Mit einer Verspätung von vier Jahren erscheint die "Triologia sucia de La Habana" von Pedro Juan Gutierrez nun endlich auch in deutscher Sprache bei Hoffmann und Campe. Jahrelang hatte sich kein Verlag an den Roman getraut: Zu sexistisch, zu machohaft und politisch in keinster Weise korrekt schien dieses Werk. Wahrlich, es ist für Zartbesaitete eine harte Kost, genüsslich schwelgt Gutierrez in Details. Brutal und schonungslos widmet er sich den Schattenseiten Kubas. Havanna, die Stadt, in der Gutierrez alter ego Pedro lebt, ist zu Beginn der neunziger Jahre, inmitten der "periodico especial", eine Stadt am Rande des Abgrunds. Das Leben ist ein einziger verzweifelter Kampf, der Staat verwaltet ein großes Nichts. Wenn man nicht gerade auf der Suche nach einem Job, etwas essbarem oder den einfachsten Dingen des Alltags ist, versucht man die Zeit totzuschlagen oder das Chaos mittels Drogen oder eines Gläschens Rum zu vergessen. Schmutzig, stinkend sind die verrottenden Häuser am Malecon, illegale Ein- und Ausbauten, das Klima und die Untätigkeit der Behörden lassen die Bewohner bei jedem Regen um ihr Leben fürchten. "Im Inneren bröckelt es, dieses unglaubliche Labyrinth aus Treppen ohne Geländer, Dunkelheit, ranzigen Gerüchen, stinkend nach Kakerlaken und frischer Scheiße. Die Flure werden versperrt von illegal angebauten Zimmern und hallen wider vom Streit und den Raufereien der Schwarzen", so Pedro über das Haus eines Freundes. Manche Passagen klingen rassistisch, doch dies wäre eine falsche Einschätzung. Sie sind lediglich schonungslos direkt, eine deutliche Ansage an die Bigotterie der Political correctness. Gutierrez schreibt eine knappe, deutliche und von unnötigem Ballast befreite Sprache, frei von schöngeistigem oder philosophischen Beiwerk. Machohaft und von sich selbst überzeugt klingen zwar viele Episoden, doch macht dies in gewisser Weise auch einen Reiz des Buches aus.

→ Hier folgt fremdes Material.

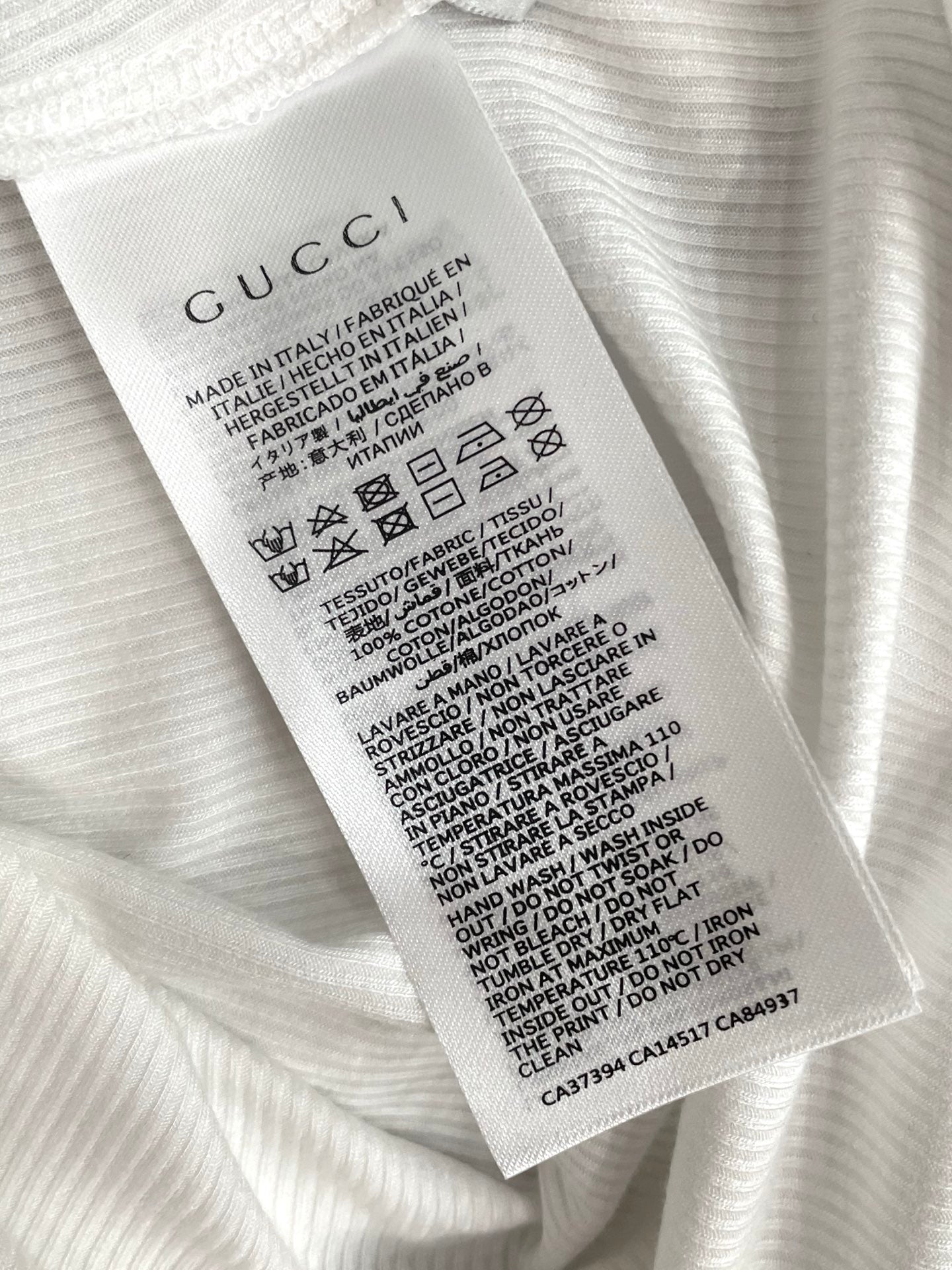 GUCCI LONG-SLEEVE T-SHIRT STYLE 86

Nonchalant gibt sich Pedro auch in Sachen Sex: "Sex ist nichts für Weichlinge. Sex ist ein Austausch von Flüssigkeiten, Säften, Atem und strengen Gerüchen, Urin, Samen, Scheiße, Schweiß, Mikroben, Bakterien. Oder es ist kein richtiger Sex. Wenn es nur bei Zärtlichkeiten und ätherischer Spiritualität bleibt, ist es nur eine sterile Parodie dessen, was es sein könnte." Offen, ohne schamhafte Verhüllung beschreibt er seine zahlreichen Kopulationen mit wechselnden Partnerinnen, zumeist Mulattinnen. Weiße, wohlriechende oder zarte Frauchen verabscheut er beinahe. "Ich benutze Sex wie ein Krimi-Autor seine Leichen" so sagte Gutierrez einmal in einem Interview. Sex ist dazu da, die "Handlung voranzutreiben", doch dies ist nicht das ausschließliche Ziel. Hinter den drastischen Worten steckt oftmals die Liebe und die Hoffnung, das Leben feiert inmitten des Zerfalls und des Chaos seine Wiedergeburt und sein Aufbegehren, trägt eine ungeheure Kraft in sich.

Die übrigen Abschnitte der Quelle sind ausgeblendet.